Alt, 56, has a long political resume — that includes stints with both Republican and Democratic parties — when it comes to local public service. He started with a single term as a town commissioner in 1994, and after that, he quickly moved to the mayoral office.
In 2002, he decided to take a step back from politicking to focus on his family.
“I had three young children, and I probably took it for granted. Shuffling work [as a manufacturer representative], family and the town was very difficult to do,” Alt said. “I made a commitment that I would be with my kids through all their sports up to the point they went to college.”
Despite this, Alt mounted a campaign for State Senate in District 36 as a self-described “extremely conservative Democrat” in 2010. Alt had registered as a Republican as soon as he could vote, but switched parties to “support a friend” that was running on the Democratic ticket in Cecil County.
Both campaigns were unsuccessful, and Alt returned to the Republican Party two years later.
“If you look back 12 years ago, everyone here was a Democrat. It’s changed,” Alt said. “I can say I’ve been on both sides of the river and there’s no difference in local politics.”
Ultimately, Alt returned to run for mayor again in 2014 after his children went to college. “Getting Elkton back on track” was his slogan, and that reflected a time when the town, the county and the country was in economic turmoil.
“We needed some hope, energy and enthusiasm, and I felt like I was the right person to bring that.
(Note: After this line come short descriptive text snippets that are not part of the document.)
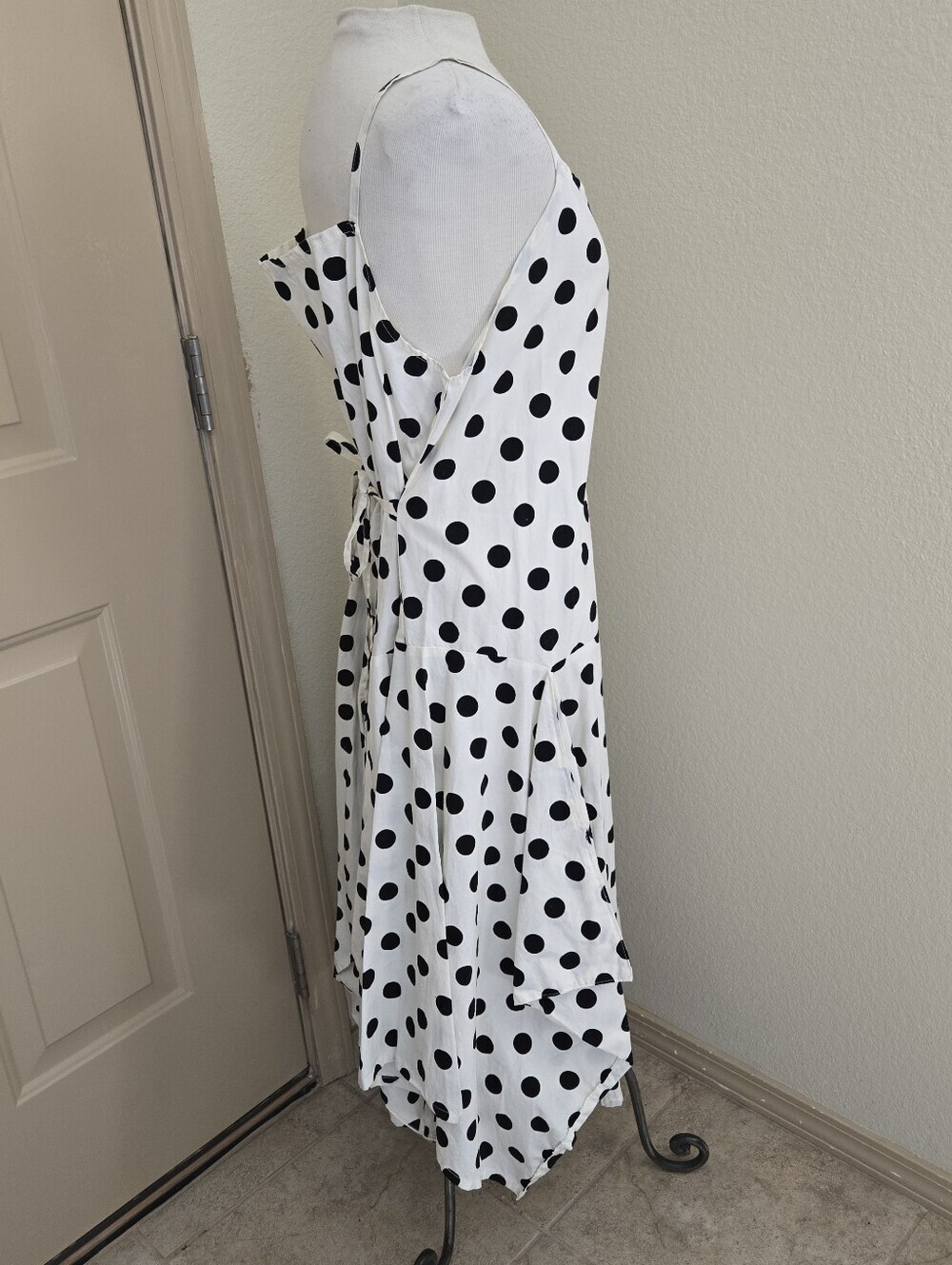 Krista Larson Polka Dot Tiered Asymmetrical Dress - Lagenlook One Size - Picture 3 of 9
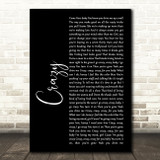 Aerosmith Crazy Black Script Song Lyric Music Art Print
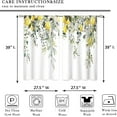 thumbnail image 2 of Eucalyptus Botanical Leaves Yellow Lemon Kitchen Window Curtains Herb Plant Floral Fruit Small Window Treatment Sage Green Cafe Short Curtains for Bathroom Treatment Tier Drapes 27.9x39 inch, 2 of 6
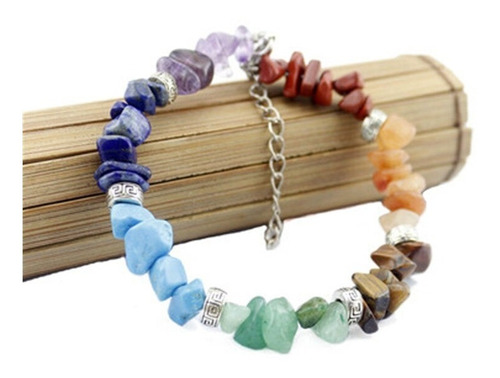 Pulsera Piedra Natural 7 Chakras Acero 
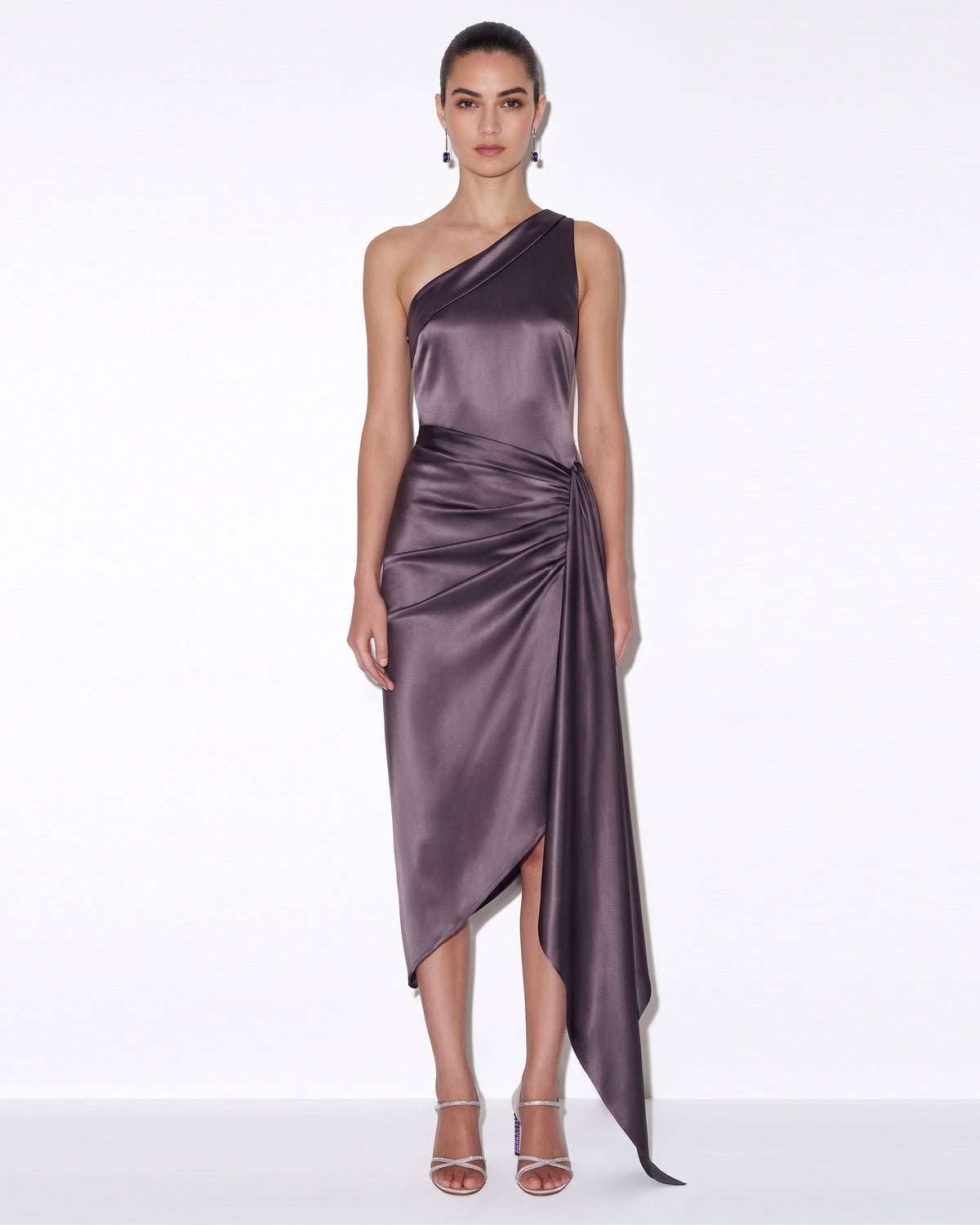 Satin One-Shoulder Ruched Asymmetric Midi Dress - Mauve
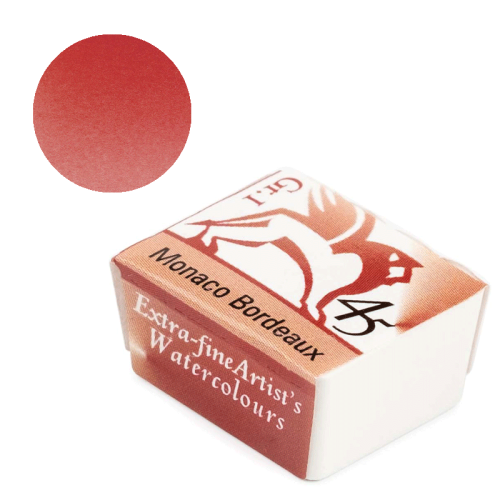 Farba akwarelowa Renesans półkostka - 45 Bordowy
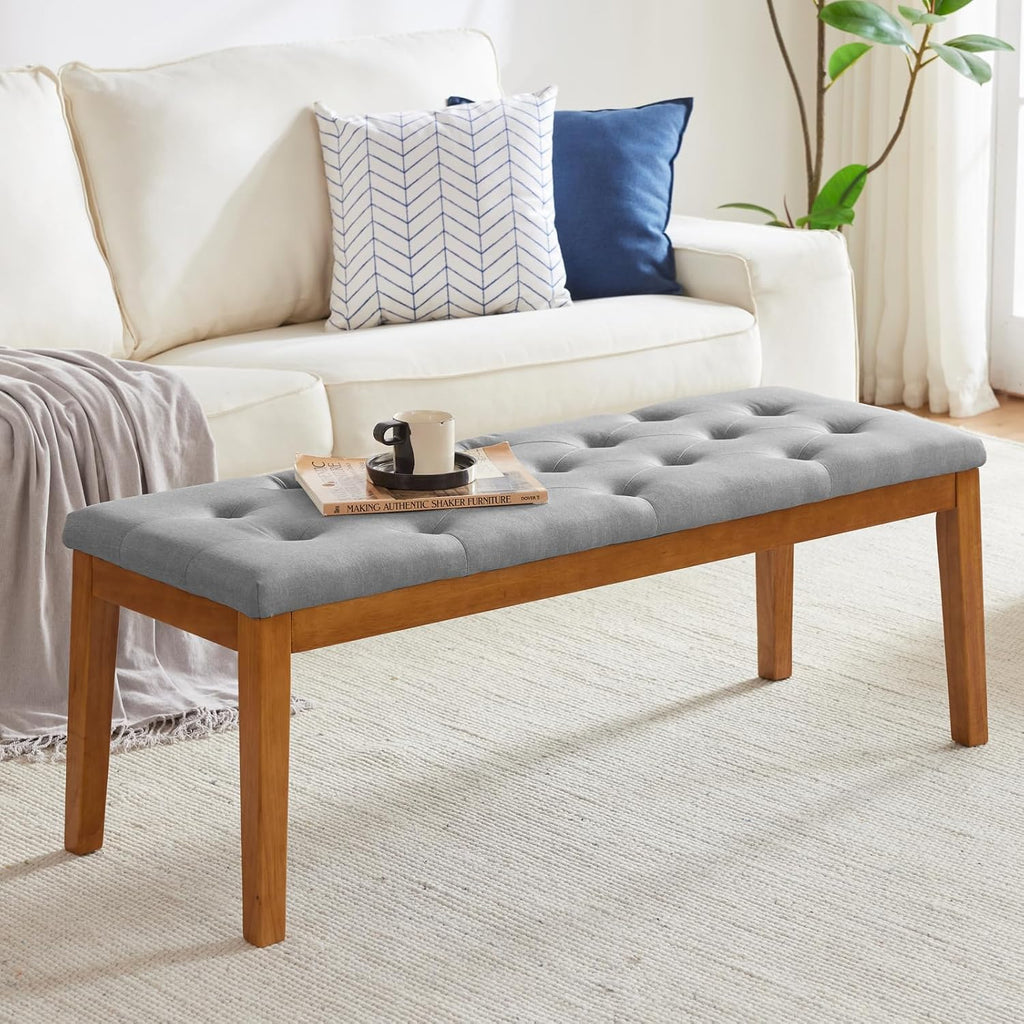 Ottoman Bench Upholstered Padded Seat with Solid Wood Legs and Button-Tufted, Big Oversized Ottoman, Linen Grey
I feel like I’ve done that,” he said. “I feel like the big ship is starting to turn and there’s so much more we can do.”
Alt points to the 3 percent drop in crime compared to the town’s five-year average as something he will strive to continue in the future. It would also continue a campaign promise he made in 2014: improving public safety by creating and maintaining a cleaner, safer and more attractive atmosphere.
“We’re doing that every day by working on the parks and the downtown camera system. We have eight cameras up and the goal is to have them throughout the entire town,” he said. “I want to hit all the hotspots like Landing Lane and Cow Lane. I think it’ll hinder crime.”
Alt added that he wants to create a strong employment base in Elkton, as businesses open and shutter within years. Some business expansions like Terumo Medical Center and W.L. Gore have done wonders for the town, but Alt said he wants to focus on the west end of town.
The impending arrival of a marble countertop company at the old Ashland Inc. site on 329 W. Main St. could lead that change.
“That’s filling a building that’s been vacant for seven years and bringing 50 mid-range jobs. I truly believe the action — and when you see the activity that goes on there — it’ll deter a lot of crime,” he said.
Alt said he hasn’t given up on his “big dream” of an Elkton sports complex that would hopefully sit on the 800 acres between Pulaski Highway, Frenchtown Road and Route 213. Last year, he unsuccessfully lobbied for state funding for a sports complex study.
“It is a big dream, and it’s something that it can change not only Elkton, but Cecil County. I still have a vision for that project,” Alt said. “The challenges are finding someone that could buy the project. If that happens, we’d help them through regulations and we’d be the guy that goes to the state and makes things happen.”
So far Alt faces no competition in the May 8 municipal election, and time is dwindling for challengers to file. Competition is also scarce for two open commissioner seats — incumbents Jean Broomell and Mary Jo Jablonski face Elkton High School special education teacher Nicole Hammond in the polls. Candidates have until March 8 to file.